Installée dans le canapé du salon de la maison familiale, où elle habite encore, la Staviacoise de 26 ans dégaine un sourire avant de le ranger dans le fourreau de sa bouche volubile. Poser une question à Mo’Mot, son nom d’artiste, c’est l’assurance d’avoir une réponse… fleuve et circonstanciée. La langue est pendue et l’humeur badine. Elle se fait plus sérieuse à l’évocation de cette peinture qui l’a touchée au plus profond. «J’étais partie au Congo RDC avec mon père et mon oncle, qui est décédé depuis et qui était comme un deuxième père pour moi, commence-t-elle.
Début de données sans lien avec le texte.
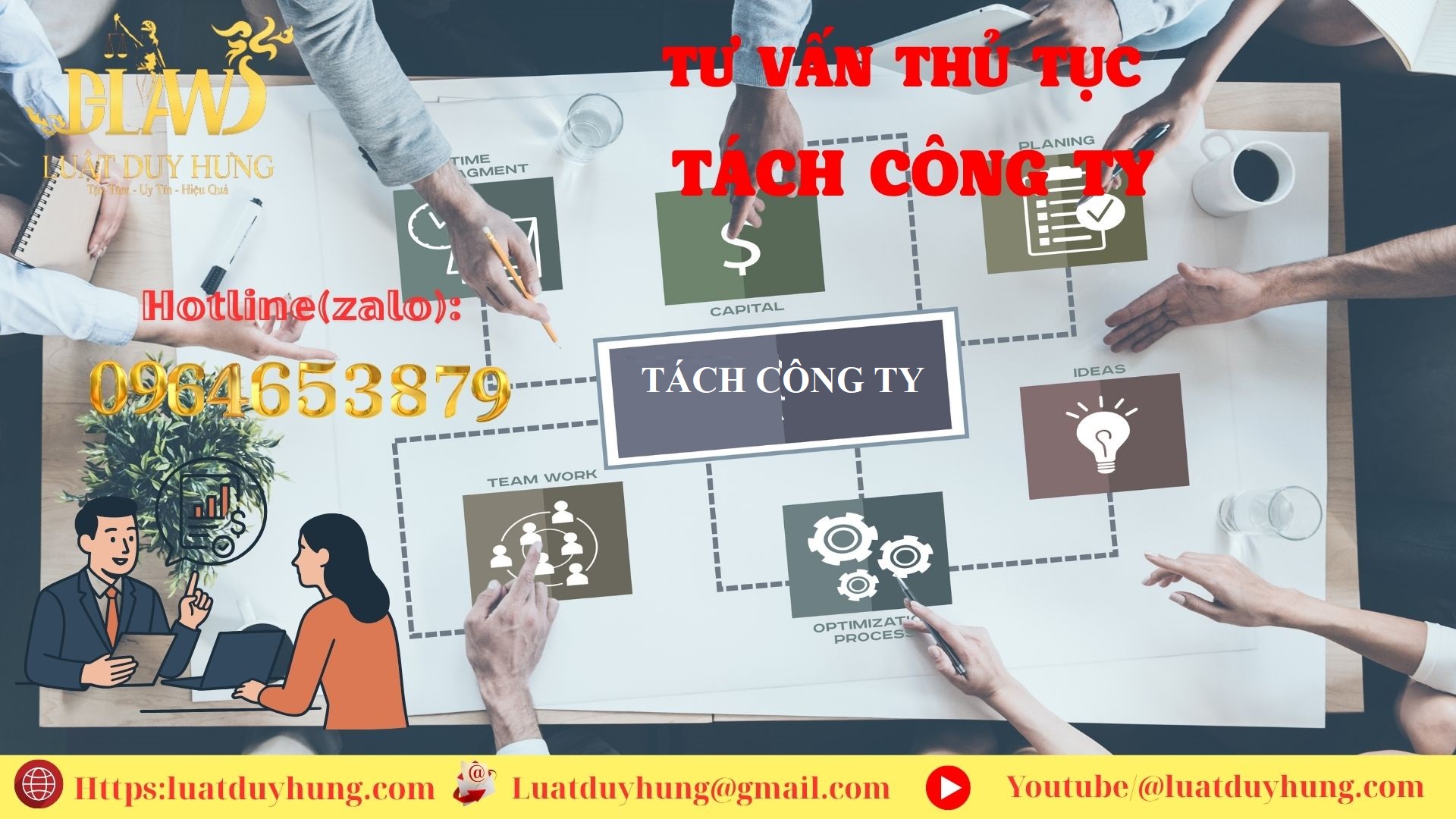 Tách công ty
Un jour au restaurant, je vois ce tableau, qui m’interpelle. A chaque fois que j’observais cette femme avec son enfant sur le dos qui essaie de traverser la rivière, je me disais: rrrhh, il a quelque chose, quand même… Bref, je pensais avoir tiré un trait dessus quand, à mes 20 ans, soit une année et demie après ce voyage, mon père me l’offre pour mon anniversaire.»
Flotter, dériver
La valeur est sentimentale, la source inépuisable. Elle invite Lorène Mosengo Omba à coucher sur papier les aventures de cette maman africaine. «Cette histoire, je l’ai inventée», précise-t-elle. «L’idée est de dire qu’il y a deux types de personnes: celles qui se laissent flotter et celles qui, comme cette femme, n’ont pas la possibilité de se laisser dériver.» A méditer. Vous avez trois heures.
Mo’Mot joue avec les mots sans éviter les maux, qu’elle délivre cash de sa voix soul et envoûtante. Ne pas croire que ses études de philosophie bavent sur sa prose, souvent sérieuse: chez celle qui a verni son premier opus baptisé Pré-face en mars dernier et qui se produira le 21 juin prochain au Red Pigs Festival, à Payerne, aucune prise de tête. Mais des émotions ressenties qu’il s’agit de partager avec le plus grand nombre. «On me demande parfois: ça va Lorène? Comme si je parlais toujours de moi dans mes chansons, ce qui n’est pas le cas.» Et d’ajouter: «Ce que j’aime, c’est raconter des histoires. Je n’ai pas la prétention d’inspirer des révélations cosmiques. Simplement, il me tient à cœur de proposer des textes qui, pour moi en tout cas, sont de qualité. Non pas parce qu’ils sont techniques, mais parce qu’ils sont sincères.»